Induction of tolerance by neonatal exposure to transgenic cells
To induce tolerance to the marker gene by an alternative method, 6 neonatal wild-type F344 rats pups, within 4 hours after birth, were subcutaneously injected once with 20 μl of whole blood from hPLAP-tg F344 donors. One control litter mate did not receive transgenic cells. Four months later, all 7 rats received skin grafts (approx. 1 cm2) from sex-matched hPLAP-tg donors at the back under anesthesia with medetomidine/midazolam/fentanyl. The grafts were controlled daily. Four weeks post-transplantation, biopsies were taken under anesthesia from the margin of the skin grafts, fixed in 40% ethanol at 4°C for 48 hours, embedded in paraffin, sectioned at 5 μm thickness, and stained for hPLAP enzyme activity as described above.
Tracking of transgenic cells in neonatally tolerized rats
Tolerance to hPLAP in F344 WT hosts was induced and confirmed by skin grafts as described above. At the age of 4 months, 4 neonatally tolerized WT rats were intravenously injected once with 108 BMC from hPLAP-tg donors, and were killed 2 months post-injection. Various tissues were harvested, fixed in 40% ethanol at 4°C for 48 hours, embedded in paraffin or MMA, sectioned at 5 μm thickness, and stained for hPLAP enzyme activity as described above.

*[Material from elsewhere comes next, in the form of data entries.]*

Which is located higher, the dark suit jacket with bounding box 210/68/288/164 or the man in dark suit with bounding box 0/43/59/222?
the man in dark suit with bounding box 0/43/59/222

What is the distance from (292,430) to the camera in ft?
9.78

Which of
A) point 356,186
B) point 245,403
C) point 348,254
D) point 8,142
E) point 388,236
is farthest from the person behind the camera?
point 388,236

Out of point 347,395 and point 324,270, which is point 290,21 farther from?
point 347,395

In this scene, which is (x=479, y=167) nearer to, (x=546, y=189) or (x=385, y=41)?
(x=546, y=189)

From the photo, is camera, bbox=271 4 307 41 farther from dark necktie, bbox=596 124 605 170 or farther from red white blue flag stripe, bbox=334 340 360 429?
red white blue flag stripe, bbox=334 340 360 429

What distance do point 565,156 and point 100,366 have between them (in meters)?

Neonatally tolerized control rats were killed without prior injection of labeled cells to rule out a background of labeled cells in the marker tolerant recipients.
Statistical analysis
Statistics were computed using SPSS for Windows 14.0 (SPSS, Chicago, IL). The data of the mixed lymphocytes reaction experiments were analyzed using one-way analysis of variance (ANOVA). When the analysis of variance performed over all groups indicated a significant (p < 0.05) difference among the groups, statistical differences between two groups were subsequently evaluated with Fisher's least significant difference test. P values of less than 0.05 were considered significant. The data in Figure 2D are given as means ± SEM.